通訳者に必要なスキルとして「語学力」「通訳技術」「専門知識」があげられます。このうち「語学力」や「通訳技術」については、プロの通訳者に成る過程で、通訳スクールや、国内外の大学・大学院に設置されている通訳コースなどで学ぶ事ができます。

 

問題はここからです。
訓練により身に付けた「語学力」「通訳技術」を資源とし、仕事を始めようにも、誰もが実務経験ゼロからのスタートです。

 

通訳会社に登録するにしろ、実務経験や通訳スキルが問われ、登録する事すら出来ない事もままあります。

 

通訳者を依頼する顧客や、その期待に応えなければならない通訳会社からすれば、至極当たり前の事として、現場で質の良い通訳サービスを受けたい、提供したい。それには、当該の仕事と同じような、もしくは類似する事案を多く経験した、かつ通訳技術も安定した通訳者に依頼したい。

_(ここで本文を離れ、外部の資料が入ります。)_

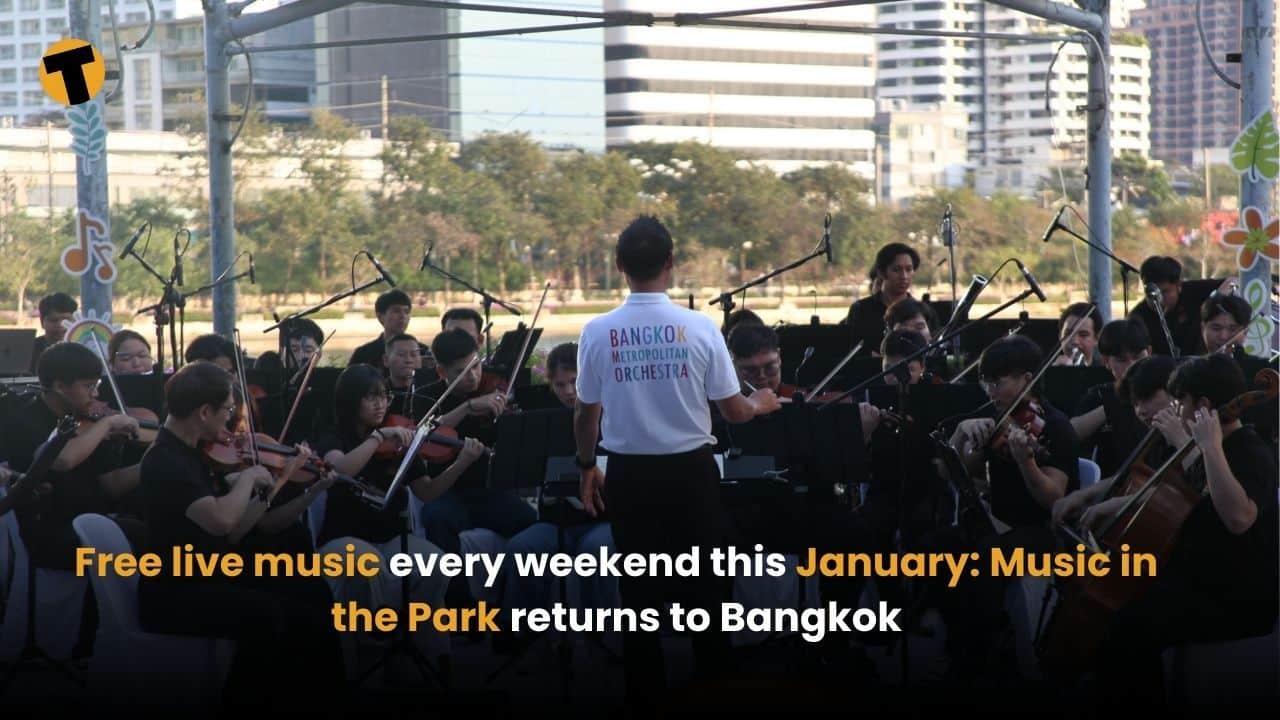 Free live music every weekend this January: Music in the Park returns to Bangkok | Thaiger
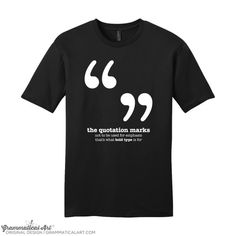 Quotation Marks T-ShirtThis is for a 100% ringspun cotton shirt (heathers are a 50/50 ringspun cotton/poly blend; heathered gray is a 90/10 ringspun cotton/poly blend; heathered green is a 50/25/25 poly/ringspun cotton/rayon blend). Our shirts run fairly true to size, but we always recommend checking our sizing charts to determine your perfect size. Heathered pink is only available for women's sizes; for men's/unisex sizes, it will be a non-heathered pink.**PLEASE CHECK THE SIZING CHARTS (IN PHO Funny Tshirts About Math, T Shirt Typography, English Teacher Shirt, Shirt Typography, Nerdy Shirts, Male Teacher, Quotation Marks, Typography Tshirt, Teacher Outfits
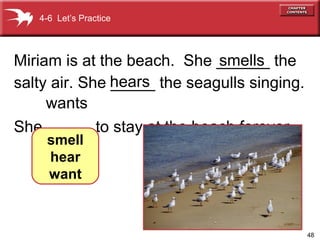 48
Miriam is at the beach. She ______ the
salty air. She _____ the seagulls singing.
She _____ to stay at the beach forever.
4-6 Let’s Practice
smell
hear
want
smells
hears
wants
 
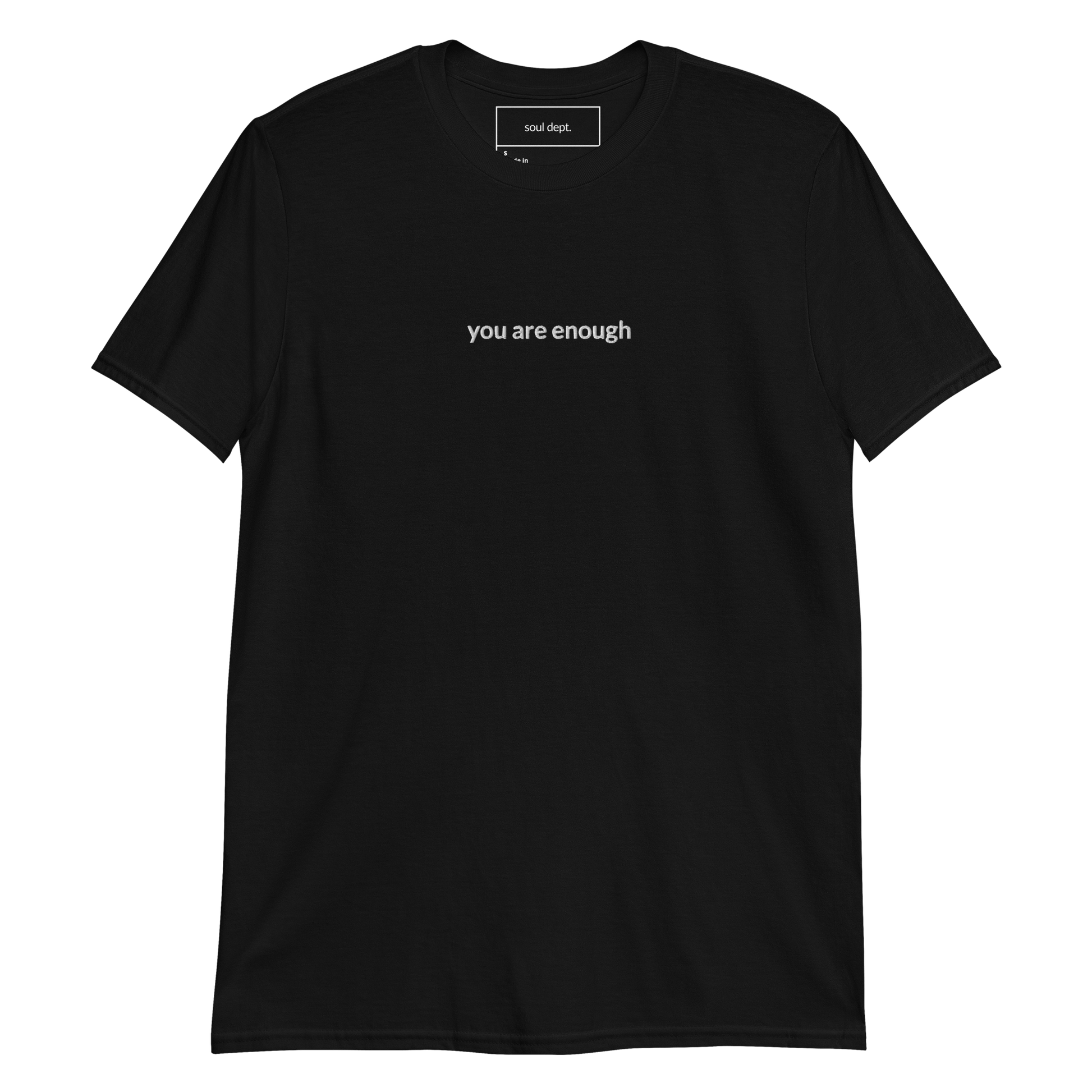 You Are Enough Tee - White Embroidered Mantra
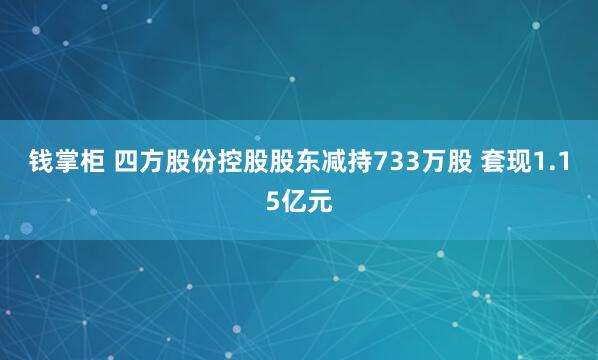 钱掌柜 四方股份控股股东减持733万股 套现1.15亿元
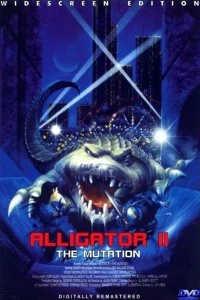 Постер Аллигатор 2: Мутация (Alligator II: The Mutation)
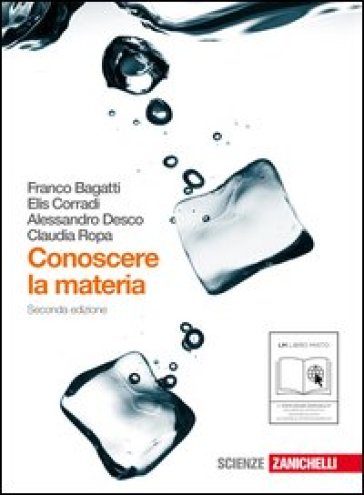 Conoscere la materia. Per gli Ist. tecnici. Con espansione online - Franco Bagatti - Elis Corradi - Alessandro Desco
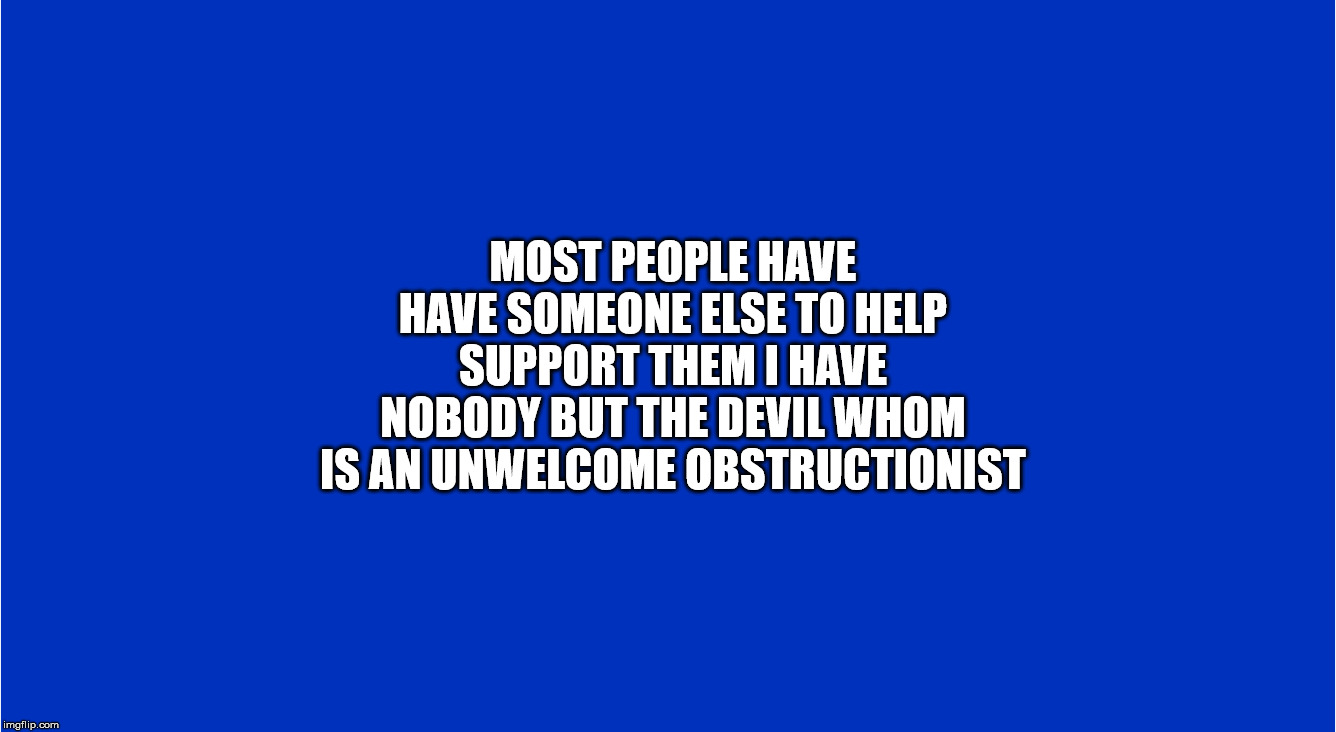 MOST PEOPLE HAVE HAVE SOMEONE ELSE TO HELP SUPPORT THEM I HAVE NOBODY BUT THE DEVIL WHOM IS AN UNWELCOME OBSTRUCTIONIST | image tagged in the devil,support,unwelcome,obstruction,help,persecution | made w/ Imgflip meme maker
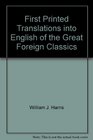 First Printed Translations into English of the Great Foreign Classics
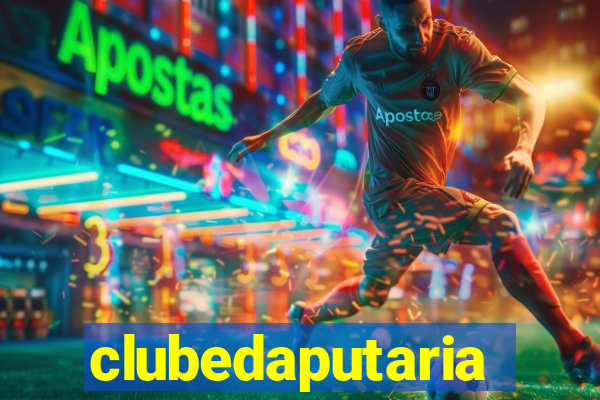 clubedaputaria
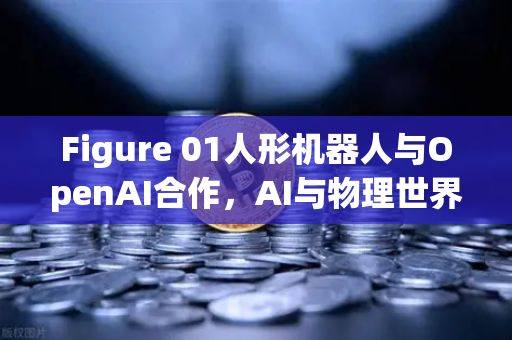 Figure 01人形机器人与OpenAI合作，AI与物理世界的革命性融合
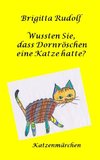 Wussten Sie, dass Dornröschen eine Katze hatte?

仕事の大半は、程度の差こそあれ、何らかの専門的な会議となりますので、必然的に何らかの専門分野や得意分野を持つ通訳者に仕事が集中します。

 

ここで、通訳会社としての役割は、

  • 依頼を受けた仕事に対し、実務経験や通訳技術をふまえ、最適な通訳者を選定すること

となります。

 

しかし、中期・長期的な視点で考えると、ただ①だけを継続していると、いつか、いずれ困った事が起こります。

 

例えば

  • 通訳の仕事が立て込む繁忙期に、当該の仕事にふさわしい通訳者が見つからない

  • 各分野で実務経験の豊富な通訳者だけで仕事を担い、経験の乏しい通訳者にその機会が与えられないと、将来それらの分野を担う人材が出てこない

などが考えられます。

 

顧客側から見ても、自社の仕事を満足にできる通訳者が、将来にわたって安定して確保できないというのはネガティブなことです。

 

通訳者としてこれから活躍したい人、またこれから通訳を目指そうと言う人にとっても、苦労して身に付けた技術を活かす場になかなか恵まれず、結果的にプロとして収入を立てづらいということになれば、長期的には人材が先細りします。

 

これらをふまえ、通訳会社として

  • 通訳者のキャリアアップ・スキルアップを、顧客の要求する仕事の質との整合性を図りながら、効果的に・効率的にサポートする

ことも、顧客側の立場や、長期的な視点からは、大事な役割だと考えられます。

 

今ある仕事において、顧客満足を生み出しながら、将来にわたってその品質を保つための施策を同時に売っていく。

 

難しい舵取りにはなりますが、ともに重要な観点といえます。